Indian activists and trade union members participate in a demonstration demanding better working conditions. (File photo)
An Indian trade union leader has been killed in the city of Ambala, amid a two-day nationwide strike in protest against high inflation and the fuel price hike.
According to reports, Narender Singh was hit by a bus on Wednesday, the first day of strike, after he tried to stop the vehicle from plying.
Meanwhile, the strike organizers say the walk-out has crippled India’s financial sector as all banks, insurance companies and commercial establishments have remained shut on the first day of the walk-out.
V. Utagi, the vice president of All India Bank Employees Association said, “The banking and financial sector is 100 percent closed, not only in Mumbai and Maharashtra but all over the country.”
Utagi added that all banks -- nationalized, private, foreign, regional, rural and cooperative -- had “wholeheartedly” taken part in the strike.

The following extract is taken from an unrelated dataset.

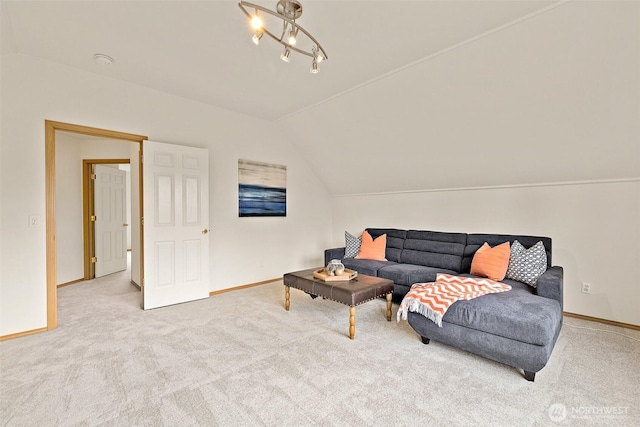 carpeted living room featuring vaulted ceiling, baseboards, and a chandelier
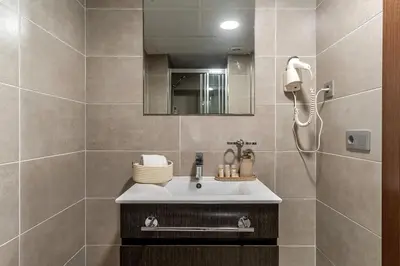 a bathroom with a sink and a mirror at Aparthotel Centric in Castelldefels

Indian Prime Minister Manmohan Singh has urged the unions to call off the strike, stating that the move will cause a “loss to our economy.”
However, Atridev Tiwari, the general secretary of Bharatiya Mazdoor Sangh (Indian Workers Union), which is one of the main unions leading the strike, said, “It doesn’t matter what the prime minister says now because we cannot rely on his word. He says something and does something else.”
Tapan Sen, the general secretary of the Centre of Indian Trade Unions (CITU), also said, “The workers are being totally ignored and this is reflected in the government’s anti-labor policies.”
The strike is supposed to have the most negative influence on the eastern West Bengal and southern Kerala states, where the unions are strong.
In September 2012, a one-day strike against reforms almost paralyzed some cities and cost the Indian economy millions of dollars in lost business.